Aproximamo-nos de mais um momento em que a Teoria Económica será testada. Depois do Quantitative Easing (QE) e outras políticas monetárias não convencionais, que elevaram o balanço dos bancos centrais a números nunca antes navegados, temos pela frente o choque com a realidade: uma inflação a bater recordes de décadas.
Nos EUA os preços estão a aumentar 8,6%, o valor mais alto desde 1981. Os salários reais estão a cair 3% e a confiança dos consumidores pouco passa 50%, número não visto nem na crise de 2008; daqui a cinco meses são as eleições de midterm e Biden pode perder a maioria nas duas câmaras do Parlamento. Na zona euro a inflação atingiu em maio 8,1%, novo recorde depois dos 7,4% do mês anterior e acima da expectativa de 7,8% (na Alemanha atingiu 8,7%, muito acima dos esperados 8%).
O problema agora é como controlar a dinâmica dos preços sem a economia cair em recessão dadas as circunstâncias que atravessamos – nomeadamente, mercado da energia e dos cereais com restrições na oferta. Esta semana, a Reserva Federal (Fed) deverá subir a taxa de juro meio ponto percentual, mas a probabilidade de um aumento de 75 pontos base já se aproxima de 20%, uma subida a pico em pouco tempo; a decisão já será conhecida na altura da publicação deste texto. A taxa das obrigações do Tesouro a 10 anos está em 3,371%, a mais alta desde 2011.
O Banco Central Europeu (BCE), por sua vez, anunciou na semana passada ir terminar em julho as compras de ativos e subir a taxa de juro 25 pontos base. De acordo com a sua presidente, “we are likely to be in a position to exit negative interest rates by the end of the third quarter”. Esta subida das taxas de juro –necessária para “secar” o excesso de liquidez e consequentes aumentos de preços – tem levado a que o mercado de títulos se ressinta: o S&P 500 já caiu 22% este ano (2,9% na sequência do anúncio da inflação de maio, 3,5% no caso do Nasdaq), o pior início de ano desde 1962, e vamos ver onde vai parar.

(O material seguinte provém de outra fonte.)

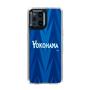 スリムプロテクションケース［ 横浜DeNAベイスターズ - ユニフォーム - ビジター ］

Para já, com 111 dias até a queda ultrapassar 20%, estamos no mais rápido bear market com exceção dos das crises de 2009 e do Covid de 2020. Isto limpou 500 mil milhões de dólares da riqueza das famílias americanas, mais de duas vezes o PIB português. No conjunto das bolsas internacionais, estamos também ao pior nível desde outubro de 2020, na sequência da crise do Covid.
Normalmente, a taxa de juro sobe para refrear uma economia sobreaquecida; agora estamos a vê-la a subir quando se discute, sobretudo nos EUA, se se vai entrar numa recessão no próximo ano e, avisa o economista Kenneth Rogoff, os muito elevados níveis de dívida acumulados põem em causa a independência dos bancos centrais. Um cenário em cima da mesa faz-nos recuar umas largas dezenas de anos: a estagflação, isto é, estagnação com inflação.
A vida de banqueiro central não vai ser fácil neste par de anos, mas é o que acontece ao aprendiz de feiticeiro.